The Power in Causes and Effects is Created by the Mind

Table of Contents
This propensity of the mind to imbue its impressions on objects is why we think that necessity and power lies in the objects we consider, and not in our mind that considers them.
It is impossible for us to create the idea of power and necessity, when the mind does not pass from the idea of an object to the idea of its usual attendant.
This is our only reasonable account of necessity.
Many will treat my feelings as extravagant and ridiculous if the contrary notion is so riveted in the mind from the above principles.
Other people would say:
- What?
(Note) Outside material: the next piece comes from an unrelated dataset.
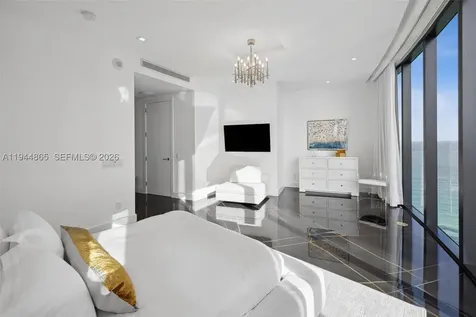 18555 Collins Avenue Sunny Isles Beach FL 33160
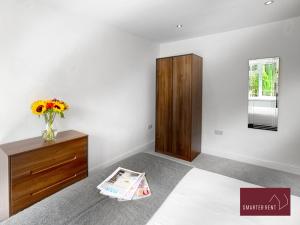 Sunninghill Village - 2 Bed - Parking and garden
The effectiveness of causes lies in the mind’s determination?
- Causes cannot operate entirely without the mind?
- Causes would stop operating if there were no mind to contemplate them, or no reason concerning them?
Thought depends on causes for its operation, but causes do not depend on thought.
This would reverse the order of nature and make the secondary as the primary.
Every operation has a proportional power.
This power must be placed on the body that it operates.
If we remove the power from one cause, we must ascribe it to another cause.
But it is a gross absurdity to:
- remove power from all causes, and
- bestow it on a being that is related only to the cause or effect by perceiving them.
This is contrary to the most certain principles of human reason.
I reply that the case is the same as a blind man pretending to find many absurdities in:
- red being different from the sound of a trumpet, or
- the light not being the same as solidity.
If we have no idea of a power or effectiveness in any object, or of any real connection between causes and effects, it will be useless to prove that an effectiveness is needed in all operations.
We do not understand our own meaning in talking so.
We ignorantly confound ideas which are distinct from each other.
There are several qualities in material and immaterial objects which we are utterly unacquainted with.
It will be of little consequence to the world if we call these power or effectiveness.
Instead of meaning these unknown qualities, we make the terms of ‘power’ and ’effectiveness’ to signify something which:
- we have a clear idea of, and
- is incompatible with those objects we apply it to.
Obscurity and error then begin to take place.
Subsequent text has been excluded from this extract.